Soprattutto, scrive la Corte usando il latino, queste scelte vanno fatte “non ex parte principis, bensì ex parte populi“: non in base a ciò che fa più comodo alla politica, ma a ciò che risponde meglio agli interessi collettivi. L’articolo 116, infatti, “va interpretato coerentemente” con un cardine della forma di Stato italiana, il principio di sussidiarietà: le funzioni pubbliche devono in linea di principio, essere svolte al livello più vicino ai cittadini, ma non se l’ente di livello superiore è in grado di svolgerle meglio. E questa valutazione non la può fare il governo a tavolino e con l’accetta, spostando di qua e di là le materie a suo piacimento: il principio di sussidiarietà, si legge nella sentenza, “esclude un modello astratto di attribuzione delle funzioni, ma richiede invece che sia scelto, per ogni specifica funzione, il livello territoriale più adeguato, in relazione alla natura della funzione, al contesto locale e anche a quello più generale in cui avviene la sua allocazione. La preferenza va al livello più prossimo ai cittadini e alle loro formazioni sociali, ma il principio può spingere anche verso il livello più alto di governo. La sussidiarietà funziona, per così dire, come un ascensore, perché può portare ad allocare la funzione, a seconda delle specifiche circostanze, ora verso il basso ora verso l’alto”, a seconda di qual è, nel caso specifico, il “modo migliore per realizzare i principi costituzionali”. A maggior ragione, quindi, “poiché il principio di sussidiarietà opera attraverso un giudizio di adeguatezza, esso non può che riferirsi a specifiche e ben determinate funzioni e non può riguardare intere materie”.
La Corte ricorda che la devolution di competenze alle Regioni “può comportare la crescita, anche accentuata, delle diseguaglianze, a causa della diversa distribuzione territoriale del reddito nonché per effetto delle diverse capacità amministrative nelle regioni, che possono determinare una differenziazione territoriale nel livello di tutela dei diritti.
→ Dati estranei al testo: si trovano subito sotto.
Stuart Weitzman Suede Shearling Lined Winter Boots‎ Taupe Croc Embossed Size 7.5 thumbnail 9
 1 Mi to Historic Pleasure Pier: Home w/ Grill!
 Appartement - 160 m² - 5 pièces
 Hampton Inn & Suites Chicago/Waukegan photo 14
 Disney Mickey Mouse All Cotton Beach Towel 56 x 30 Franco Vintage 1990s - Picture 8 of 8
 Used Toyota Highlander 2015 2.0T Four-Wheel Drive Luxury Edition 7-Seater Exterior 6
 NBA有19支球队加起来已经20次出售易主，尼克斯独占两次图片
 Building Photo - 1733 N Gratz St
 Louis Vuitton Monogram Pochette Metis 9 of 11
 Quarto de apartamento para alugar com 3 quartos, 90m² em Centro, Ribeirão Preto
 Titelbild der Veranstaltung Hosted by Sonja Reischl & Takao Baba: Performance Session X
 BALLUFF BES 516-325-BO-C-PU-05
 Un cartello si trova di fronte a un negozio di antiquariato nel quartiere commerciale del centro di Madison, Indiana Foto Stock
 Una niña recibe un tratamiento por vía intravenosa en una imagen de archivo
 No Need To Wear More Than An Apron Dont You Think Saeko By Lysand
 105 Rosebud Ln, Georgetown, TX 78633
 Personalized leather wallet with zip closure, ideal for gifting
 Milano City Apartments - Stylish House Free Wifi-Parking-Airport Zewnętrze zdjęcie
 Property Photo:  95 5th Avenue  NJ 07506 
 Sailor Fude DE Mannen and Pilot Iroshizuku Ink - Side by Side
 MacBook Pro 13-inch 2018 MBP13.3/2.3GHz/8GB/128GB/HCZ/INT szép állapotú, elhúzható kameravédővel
Pertanto esiste un trade-off“, uno scambio, “tra autonomia regionale e eguaglianza nel godimento dei diritti, rispetto al quale deve essere trovato un ragionevole punto di equilibrio, attraverso idonei meccanismi correttivi delle disparità, evitando conseguenze negative in termini di diseguaglianze”. Ancora: “Poiché si tratta di una deroga alla ordinaria ripartizione delle funzioni, essa va giustificata e motivata con precipuo riferimento alle caratteristiche della funzione e al contesto (sociale, amministrativo, geografico, economico, demografico, finanziario, geopolitico ed altro) in cui avviene la devoluzione, in modo da evidenziare i vantaggi – in termini di efficacia e di efficienza, di equità e di responsabilità – della soluzione prescelta. L’iniziativa della Regione e l’intesa previste dalla suddetta disposizione costituzionale devono, pertanto, essere precedute da un’istruttoria approfondita, suffragata da analisi basate su metodologie condivise, trasparenti e possibilmente validate dal punto di vista scientifico”. Tutte cose che la riforma Calderoli non prendeva in considerazione. In teoria il governo può riscrivere il testo tenendo conto delle indicazioni della Consulta, ma data la differenza di punti di vista, non è escluso che ci rinunci.